Kedua gejala tersebut di atas, merupakan gejala sosial yang dijadikan sebagai
bagian dari objek kajian ilmu politik. Dengan demikian, masuk akal jika
ilmu politik dikatakan sebagai ratunya ilmu di lingkungan ilmu sosial lainnya.

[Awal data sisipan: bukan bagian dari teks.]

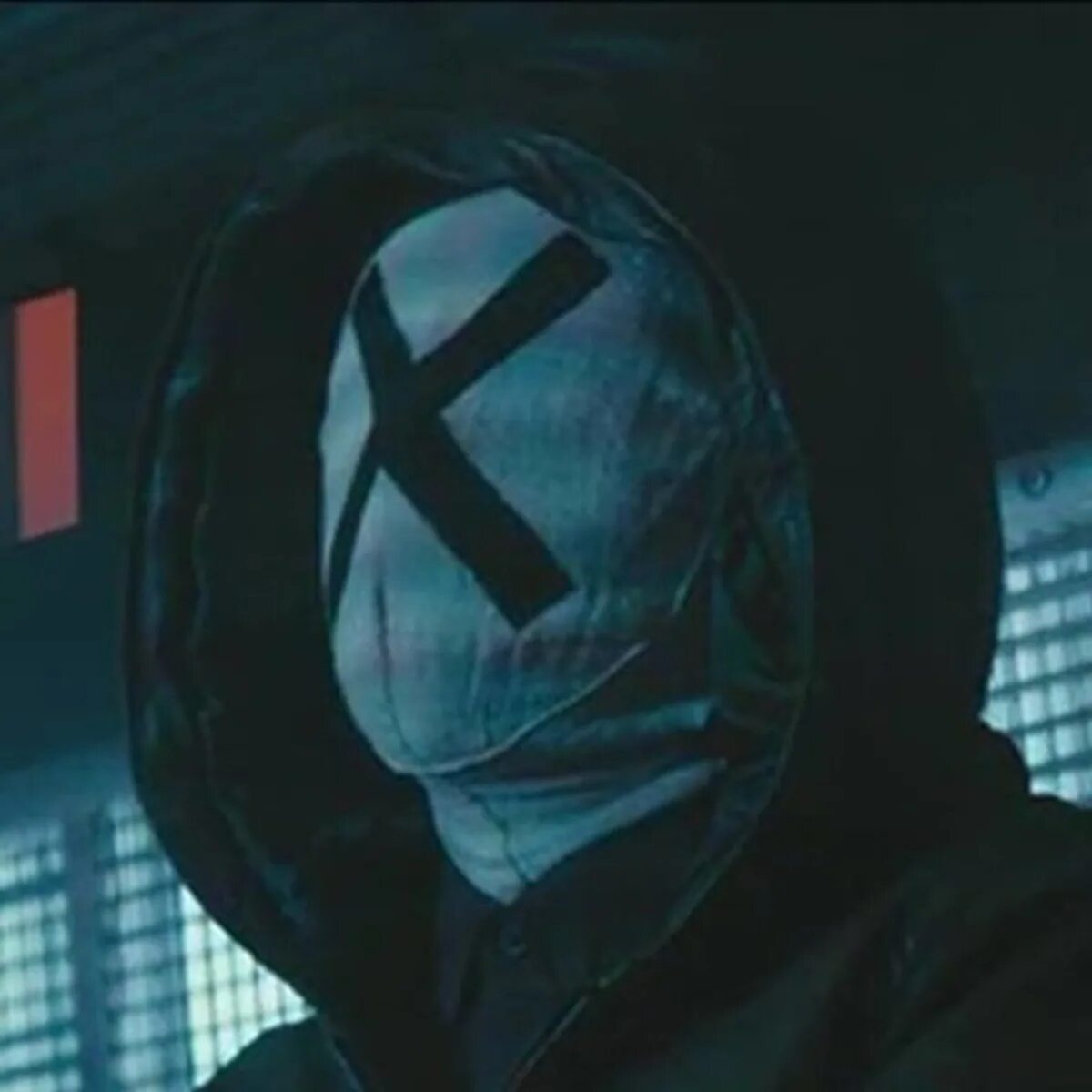 Who is hacker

Kendatipun ilmu politik merupakan ilmu yang tertua dan membicarakan masalah
hakiki kehidupan manusia, namun banyak pihak yang tidak paham terhadap makna
ilmu politik itu sendiri. Membicarakan
masalah politik, mirip dengan
membicarakan masalah cuaca, yaitu sesuatu hal yang sering dibicarakan orang,
namun tidak gampang dimengerti substansi permasalahannya (every body talks
about the wheater, but no body does anything about it). Kaitannya dengan masalah politik Mark
Twin (Rudy, 1993:7) mengatakan everybody
knows about politics, but nobody understand it). Maka tidak mengherankan, jika banyak orang
menggunakan dan meneriakkan reformasi, tetapi tidak mengerti apa yang dimaksud
dengan reformasi. Demikian selanjutnya.
Oleh karena itu, sebelum
membahas ilmu politik lebih lanjut, terlebih dahulu kita tinjau istilah politik
itu sendiri. Istilah politik berasal
dari bahasa Yunani yaitu polistaia. Polis berarti negara kota, yakni
suatu masyarakat yang mampu mengurus
diri sendiri atau mandiri, sedangkan taia berarti urusan. Jadi politik dapat diartikan segala urusan yang
berkenaan dengan negara, termasuk di
dalamnya kekuasaan, pengambilan keputusan, kebijakan
maupun pembagian dan pengalokasian nilai-nilai dalam masyarakat yang
bersangkutan.
Sebagaimana diungkapkan
sebelumnya, bahwa dalam penggunaan sehari-hari istilah
politik sering mempunyai arti yang berbeda-beda. Hal demikian, dipengaruhi oleh beberapa
faktor, diantaranya kontejs penggunaan, maupun unsure kepentingan para pengguna
itu sendiri. Kendatipun demikian, dalam konteks keilmuan, perbedaan penggunaan
konsep politik ini, dapat dikategorisasikan sebagai berikut :
a.
Politik dalam arti kepentingan
Manusia memiliki kebutuhan atau keinginan. Dengan
berbagai tindakan dan perilakunya, manusia kerap melakukan upaya-upaya untuk
mendapatkan kebutuhan atau keinginnya.
Menurut Deliar Noer (1983:21) keinginan itu bisa terwujud dalam bentuk
yang lebih keras, yaitu kepentingan.
Masalah kepentingan ini, sudah dengan konsepsi hak sebagaimana di kenal
dalam konsep politik demokrasi.
Misalkan ada sebuah kasua, si A memiliki sebidang tanah.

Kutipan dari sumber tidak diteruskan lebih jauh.